Would you buy an EURO-5 Diesel car second hand?

https://www.bloomberg.com/news/artic...rs-gather-dust

If they lower the prices enough my next car wil be a from Germany imported Euro-5

they can just export the cars to countries with less strict emission rules.

still, amazing that the automobile industry can get away with almost everything.

It already happens. In the Caucusus (Georgia) I saw loads of Japanese SUVs, apparently they are exported secondhand after a few years on the road for failing the road test (exact explanation not guaranteed).

no, they are "exported"

Japanese cars have such strict inspection rules thats it's not really viable to keep a car after 5 years, if not just 3 years.

I wonder if this is done deliberately to help support the motor industry?

For sure it is.

There are some amazing deals being offered on new diesels to try and get them moving, which may have a negative knock-on effect on the second hand market.

Friend of mine in the UK went into his local Audi dealer recently, thinking to upgrade his oldish A5 to a slightly newer model, but walked out with brand new pre-built specced up A7 diesel (the 285bhp version) for effectively not much more than he was looking at for a 2-y-o A5 . Came over in it recently and it's verrr nice indeed. Seems the factory must have built an excess for specific markets to even out a drop in sales and keep the factory at 100%.

Well, maybe. But they are pretty stupid thieves coz the driving wheel is on the wrong side of the SUV. Driving in Georgia is already enough of a nightmare with potholes, wandering cows and Georgian drivers.

Huh? Georgia is a country where people drive the right side of the road.

Yes - the point being that Japan isn't.

Yes, but Japanese drive on the left, so vehicles from Japan will have the steering wheel on the wrong side.

Tom

Ah, didn't get that he was joking about those SUV's actually being "exported" from Japan.

Not just Georgia, most of the central Asia Countries are full of Japanese cars, but it's true, Georgians drivers are the craziest. And you have to love their cute bus and taxi drivers who smoke behind the wheel all the time.
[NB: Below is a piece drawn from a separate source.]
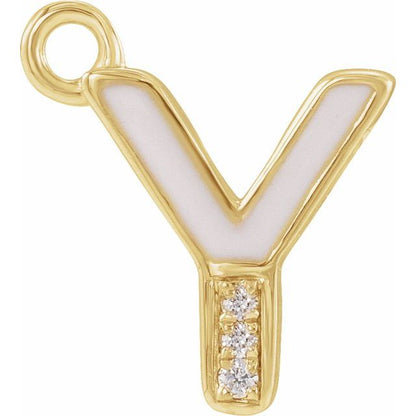 Petite Pavé® .01 CTW Natural Diamond Blush Enamel Initial Dangle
Btw, I found where all the pre 80^'s Audi cars are, in Tajikistan. Mercs are still in Turkey, but I don't know what happened to BMWs, maybe they are in Moldavia?

And I thought all the old Western Europe cars end up in Poland, where in 2016 the average age of imported cars reached 12 years, hitting the records established before year 2000.

Such niceties don't bother anybody in these sort of countries

Has anyone stumbled across the Swiss position on EURO5/EURO6 diesel vehicles, recently they banned the import of Porsche Cayenne Diesels. Any risk of venturing to import a car only to have it blacklisted a few months later?

Once it's registered its OK, don't pay very much is your insurance.

I used to work in the auto business in the US and I can confirm this was once practice. The inspection is called "shaken" in English I believe, and it is designed to be ridiculous in order to keep a steady flow of new cars in the populace and drive industry.